2.3Le 5 janvier 1999, l’auteur a adressé une requête au Garde des Sceaux (Ministre de la justice) pour obtenir le changement de son nom de famille de G. en D. À l’appui de sa demande, elle invoquait le principe général de l’égalité entre les sexes, ainsi que le fait qu’elle se faisait appeler G.D. depuis l’âge de 7 ans.

2.4Le 14 avril 1999, le Garde des Sceaux a rejeté sa demande au motif qu’elle n’utilisait pas le nom de famille de sa mère depuis assez longtemps et que les raisons personnelles qu’elle invoquait ne justifiaient pas qu’il soit dérogé à la loi établissant le nom de famille du père comme nom de famille. Le Garde des Sceaux invoquait également l’article 43 de la loi no 85-1372 du 23 décembre 1985, en vertu duquel l’auteur était autorisée à utiliser son nom d’usage.

2.5Le 10 juin 1999, l’auteur a fait appel de la décision du Garde des Sceaux devant le Tribunal administratif de Paris.

2.6Dans une communication écrite adressée au Tribunal administratif de Paris et datée du 29 novembre 2000, le Garde des Sceaux a affirmé que la demande de l’auteur avait été rejetée parce qu’elle n’utilisait pas le nom de famille D. depuis assez longtemps et que la jurisprudence exigeait en effet que le nom de famille ait été utilisé de manière constante et ininterrompue depuis plus de 90 ans et par trois générations au moins. Le Garde des Sceaux estimait que ces conditions n’étaient pas remplies.
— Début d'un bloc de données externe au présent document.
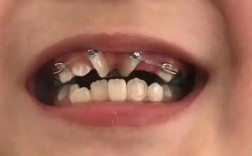 小孩牙齿多大可以矫正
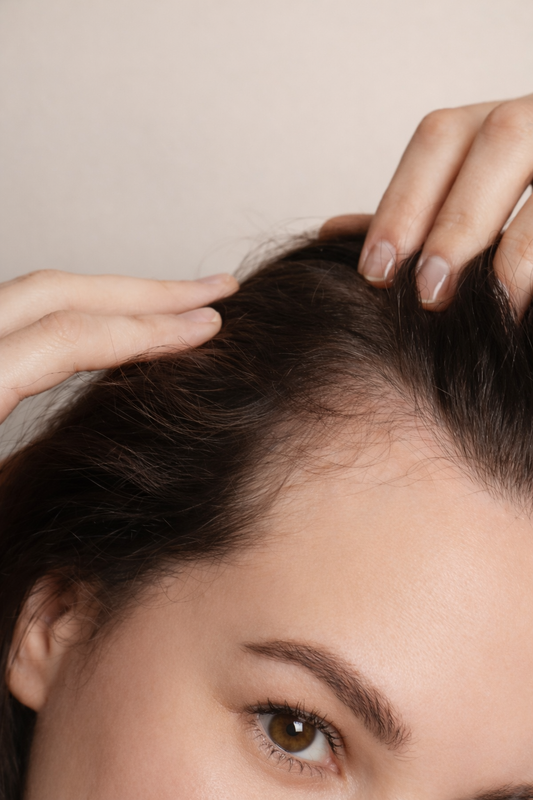 Cuero cabelludo con signos de alopecia androgenética en la raíz del pelo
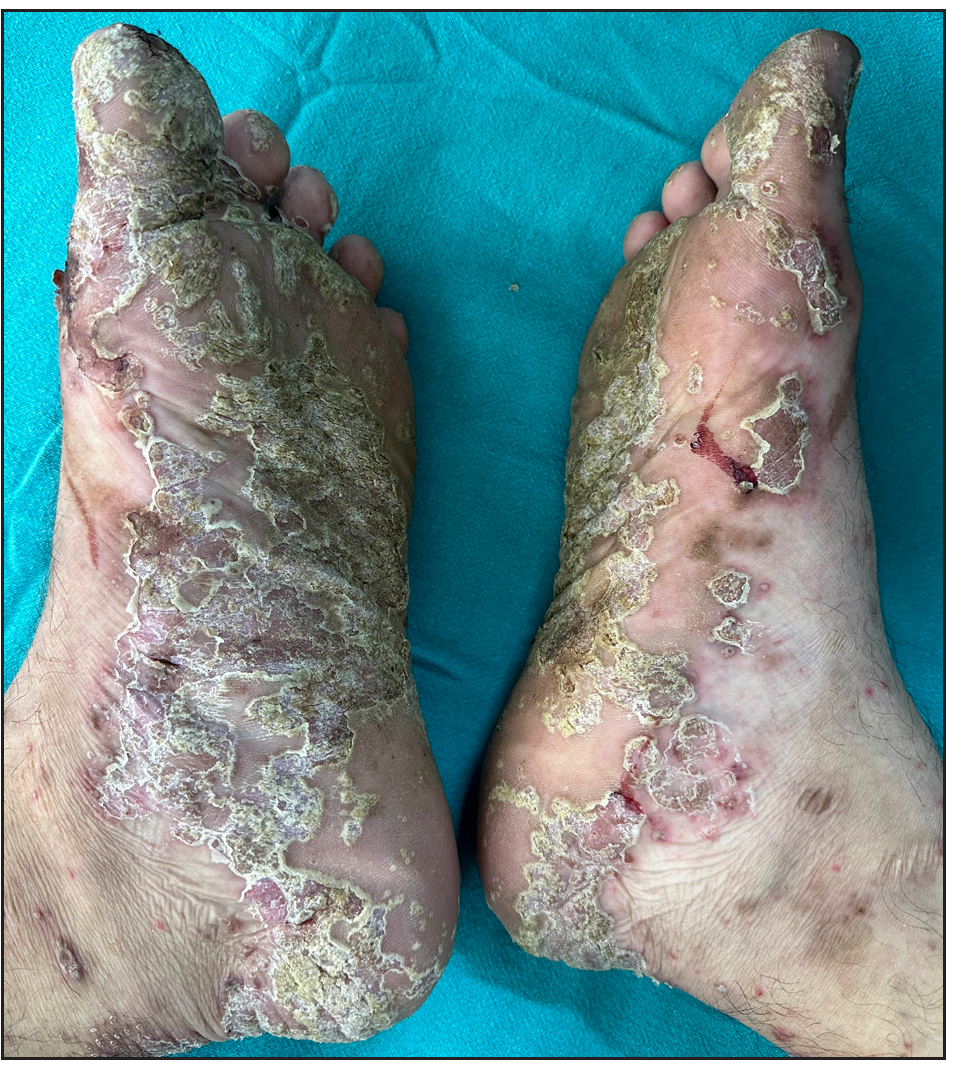 Keratoderma blenorrhagica over soles.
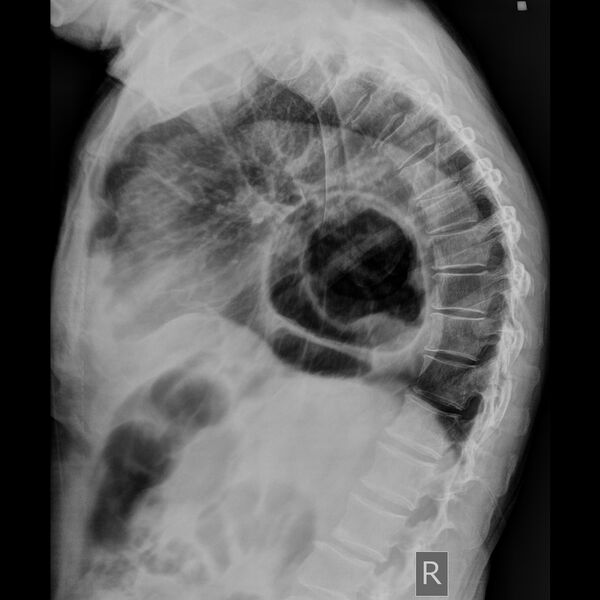 File:Central phrenic hernia (Radiopaedia 21404-21332 Lateral 1).JPEG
2.7Le 29 mars 2002, le Tribunal administratif de Paris a rejeté l’appel au motif que la plaignante n’utilisait le nom de famille D. que depuis une époque trop récente, qu’il n’y avait pas eu violation de l’article 8 (droit au respect de la vie privée et familiale), ni de l’article 14 (interdiction de discrimination) de la Convention européenne sur les droits de l’homme et les libertés fondamentales et que le Garde des Sceaux n’avait manifestement pas commis d’erreur dans la façon dont il avait traité les considérations personnelles avancées par l’auteur.
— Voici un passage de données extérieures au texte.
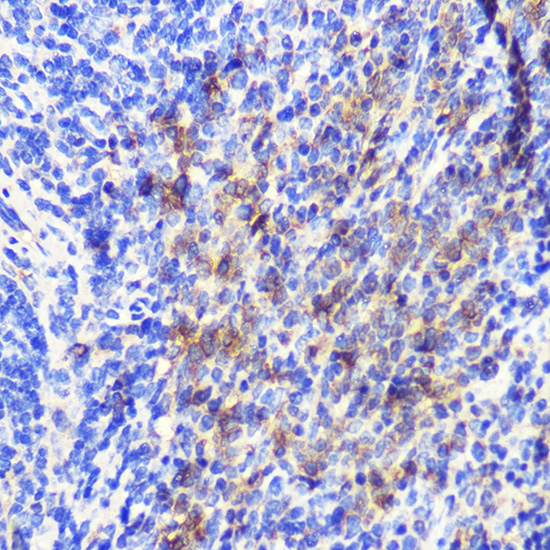 Anti-ATG10 Antibody (CAB7390)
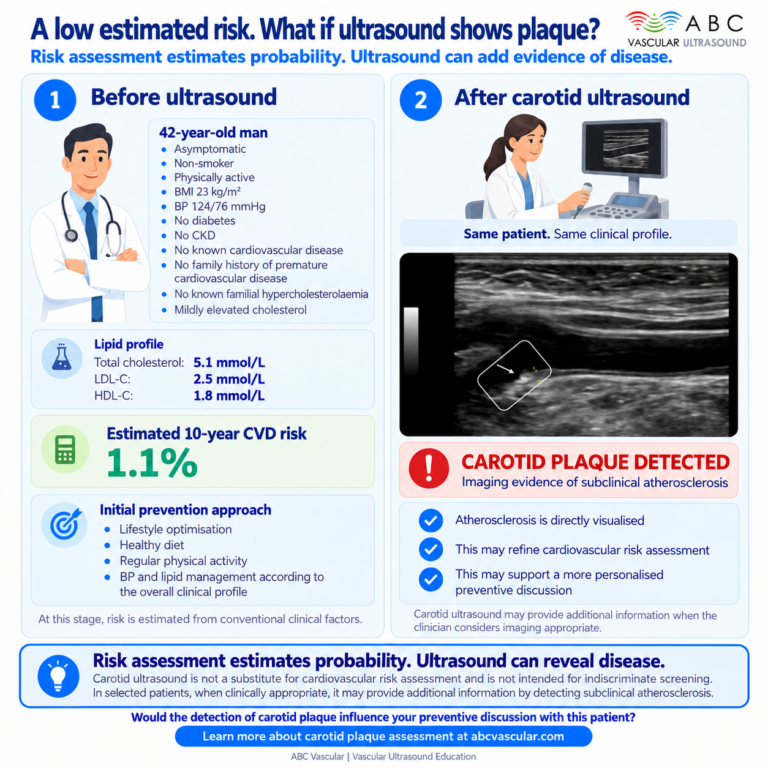 Selective Carotid Screening in Asymptomatic Patients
2.8Le 31 décembre 2004, l’auteur s’adressait de nouveau au Garde des Sceaux pour lui demander l’autorisation de changer son nom de famille de G, en D.-G..

2.9Le 20 mai 2005, le Garde des Sceaux a rejeté la deuxième requête de l’auteur pour les mêmes raisons que celles données dans sa décision du 14 avril 1999. L’auteur n’a eu connaissance de cette décision que le 3 octobre 2005.

2.10Le 2 novembre 2005, l’auteur a fait appel de la décision du Garde des Sceaux en se prévalant de la procédure dite du recours gracieux, soutenant qu’elle avait un intérêt légitime à faire une demande de changement de nom. Son appel a été rejeté le 28 novembre 2005 au motif que le souhait de l’auteur de porter le nom de famille de sa mère ne constituait pas, en soi, un intérêt légitime au sens de l’article 61‑1 du Code civil et que l’utilisation par l’auteur du nom de famille de sa mère remontait à une date trop récente.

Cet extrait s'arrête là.